Work to be completed
Restate word for word the lines beginning with the one that contains "this 1456×819 image." and ending at the bottom of the records below, both included.
- - - - - - -
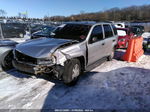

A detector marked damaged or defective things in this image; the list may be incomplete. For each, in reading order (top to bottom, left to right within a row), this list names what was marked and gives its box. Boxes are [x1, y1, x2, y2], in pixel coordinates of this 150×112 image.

crumpled hood [15, 37, 74, 58]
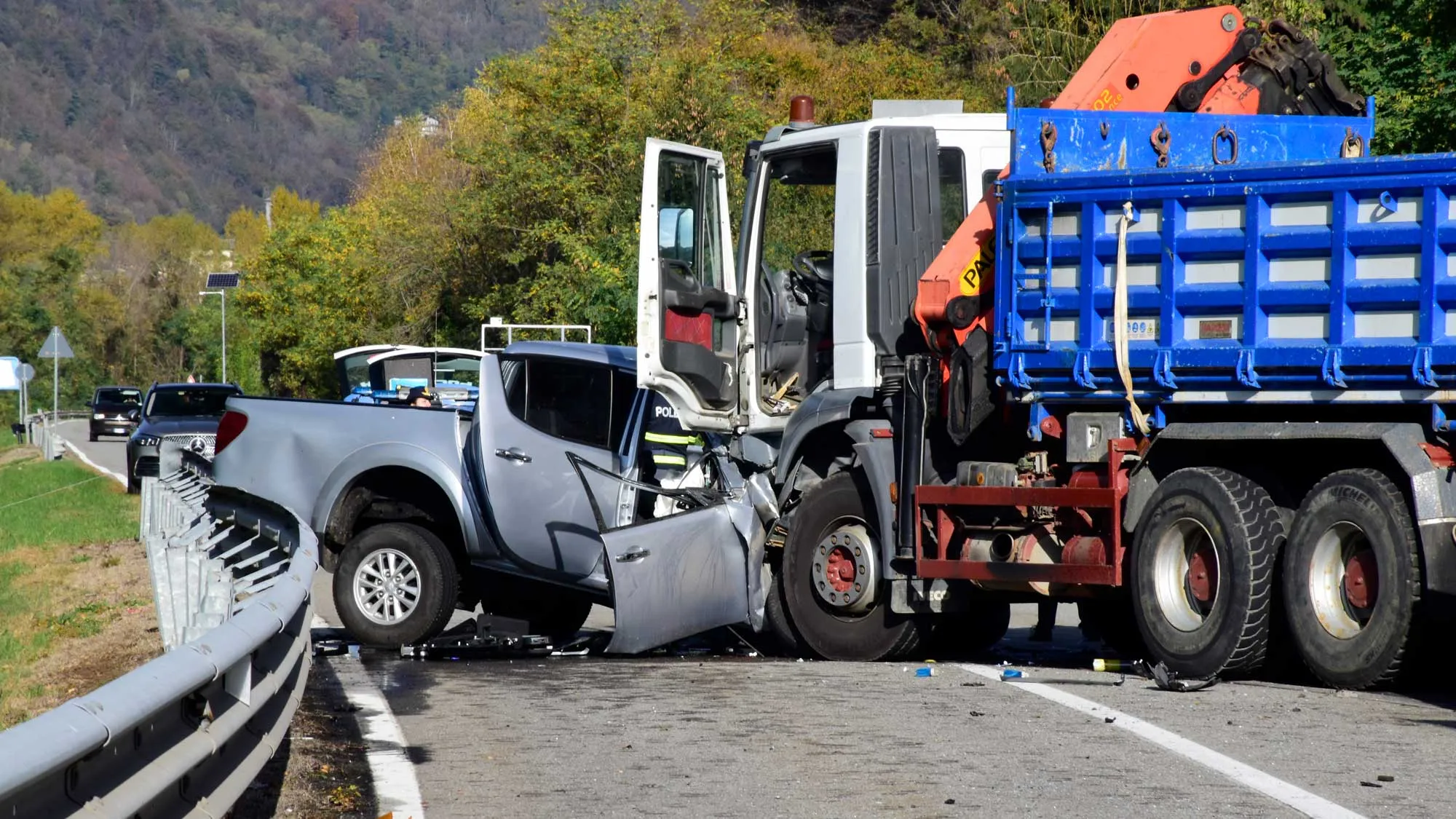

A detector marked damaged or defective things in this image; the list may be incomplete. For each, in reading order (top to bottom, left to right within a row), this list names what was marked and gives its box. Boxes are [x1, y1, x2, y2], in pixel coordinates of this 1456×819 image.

crumpled guardrail [0, 443, 319, 810]
crashed pickup truck [211, 339, 775, 649]
detached car door [478, 354, 638, 577]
- - - - - - -
Exercise result
A detector marked damaged or defective things in this image; the list may be incomplete. For each, in reading order (top to bottom, left to right within a row), this list names what was marked and gives its box. Boxes are [x1, y1, x2, y2], in pixel coordinates of this 1456×819 image.

crumpled guardrail [0, 443, 319, 810]
crashed pickup truck [211, 339, 775, 649]
detached car door [478, 354, 638, 577]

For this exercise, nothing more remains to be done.